Best margin above a take-off obstacle

The technical discussion in this thread is quite enlightening, at least for me, but I very much doubt that any pilot really keeps his eyes fixed on the anemometer during the take-off, and that not only for safety reasons, but because it isn't probably frequent that the pilot knows with certainty the Vx and Vy of his gyro...
 
The technical discussion in this thread is quite enlightening, at least for me, but I very much doubt that any pilot really keeps his eyes fixed on the anemometer during the take-off, and that not only for safety reasons, but because it isn't probably frequent that the pilot knows with certainty the Vx and Vy of his gyro...

I use my sight picture to maintain Vy on climb out and calibrate my sight picture with an occasional glance at the airspeed indicator as a part of my panel sweep.

Two of the questions on my pre-solo test are; what is Vx and Vy for the gyroplane they will be flying?

The FAA practical test standard for climb out is plus or minus five knots.

In my experience if someone is focused on the airspeed indicator they will not be able to meet the standard.

In my experience the airspeed indicator is always well behind the sight picture.
 
I calibrate my sight picture with a glance at the airspeed indicator during all phases of flight.

In all the gyroplanes I have flown pitch (the sight picture) is very closely related to airspeed in coordinated flight.

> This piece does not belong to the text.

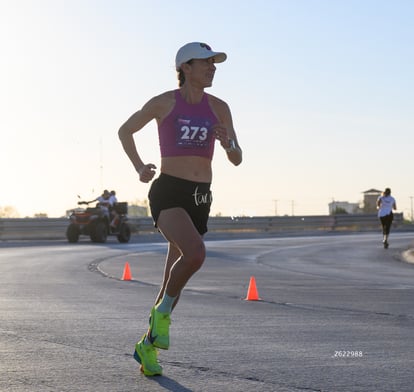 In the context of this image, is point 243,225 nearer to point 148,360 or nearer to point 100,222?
point 100,222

In my opinion the air speed indicator is too far behind to use it to fly the aircraft.

Writing in the most general terms the horizon doesn’t change and if you line something up with the horizon the airspeed will remain relatively constant.

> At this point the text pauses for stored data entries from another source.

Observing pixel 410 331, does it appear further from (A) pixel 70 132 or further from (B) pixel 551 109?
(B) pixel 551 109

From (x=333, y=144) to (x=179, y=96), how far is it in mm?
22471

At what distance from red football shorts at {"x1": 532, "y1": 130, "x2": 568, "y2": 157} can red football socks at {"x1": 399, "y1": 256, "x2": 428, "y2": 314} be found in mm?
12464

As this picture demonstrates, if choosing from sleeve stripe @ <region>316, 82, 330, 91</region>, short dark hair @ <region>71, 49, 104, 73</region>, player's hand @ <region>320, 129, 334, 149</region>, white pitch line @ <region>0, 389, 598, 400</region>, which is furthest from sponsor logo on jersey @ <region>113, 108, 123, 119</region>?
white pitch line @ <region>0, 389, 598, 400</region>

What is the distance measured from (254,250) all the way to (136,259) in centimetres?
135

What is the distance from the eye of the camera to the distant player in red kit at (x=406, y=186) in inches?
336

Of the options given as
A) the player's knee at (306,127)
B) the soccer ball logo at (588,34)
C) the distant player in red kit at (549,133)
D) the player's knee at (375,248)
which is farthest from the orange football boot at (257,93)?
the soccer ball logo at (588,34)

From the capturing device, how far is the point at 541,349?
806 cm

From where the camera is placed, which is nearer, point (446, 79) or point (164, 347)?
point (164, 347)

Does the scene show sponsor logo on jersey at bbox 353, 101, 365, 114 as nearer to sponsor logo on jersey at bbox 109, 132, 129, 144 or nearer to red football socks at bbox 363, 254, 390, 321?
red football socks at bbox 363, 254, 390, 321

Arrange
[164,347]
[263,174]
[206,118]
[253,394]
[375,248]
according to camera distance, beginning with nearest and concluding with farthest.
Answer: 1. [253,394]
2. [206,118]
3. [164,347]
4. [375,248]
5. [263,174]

Where I fly around mountains I sometimes need to imagine where the horizon is and I may pick a point at the base of the mountain. As I draw close this becomes less accurate.

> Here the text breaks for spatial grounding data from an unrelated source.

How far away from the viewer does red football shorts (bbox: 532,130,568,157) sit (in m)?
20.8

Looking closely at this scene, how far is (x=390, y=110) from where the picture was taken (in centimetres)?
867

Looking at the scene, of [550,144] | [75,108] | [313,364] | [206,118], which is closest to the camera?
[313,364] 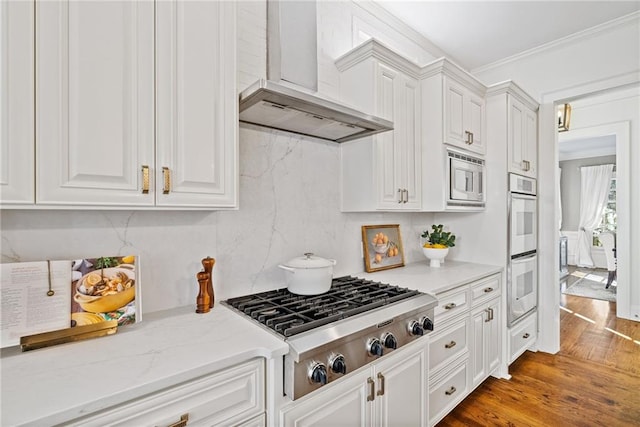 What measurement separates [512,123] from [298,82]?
1.97 metres

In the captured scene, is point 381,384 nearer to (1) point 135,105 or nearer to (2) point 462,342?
(2) point 462,342

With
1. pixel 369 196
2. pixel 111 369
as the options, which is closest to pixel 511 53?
pixel 369 196

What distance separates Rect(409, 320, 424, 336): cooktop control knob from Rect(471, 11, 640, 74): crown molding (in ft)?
9.89

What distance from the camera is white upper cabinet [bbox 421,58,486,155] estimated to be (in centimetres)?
225

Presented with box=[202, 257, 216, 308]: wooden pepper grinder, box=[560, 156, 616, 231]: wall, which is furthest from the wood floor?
box=[560, 156, 616, 231]: wall

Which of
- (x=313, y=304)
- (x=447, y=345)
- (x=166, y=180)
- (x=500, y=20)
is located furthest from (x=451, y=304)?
(x=500, y=20)

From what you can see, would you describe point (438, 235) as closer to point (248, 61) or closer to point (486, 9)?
point (486, 9)

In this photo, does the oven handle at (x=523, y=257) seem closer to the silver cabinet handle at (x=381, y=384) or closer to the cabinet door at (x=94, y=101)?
the silver cabinet handle at (x=381, y=384)

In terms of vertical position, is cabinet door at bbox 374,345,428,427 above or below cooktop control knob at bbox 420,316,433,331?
below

When I am trying to share this methodology with someone I head out to the ocean where winds tend to be steadier and the horizon is clearly defined.

I find maintaining airspeed by sight picture more difficult with a completely open machine.

Sometimes it helps me to have something specifically to use as a sight with like a line across the windshield or a yaw string that is close to the correct height.

For example if your sight is two inches below the horizon that airspeed will be maintained as long as the two inches are maintained.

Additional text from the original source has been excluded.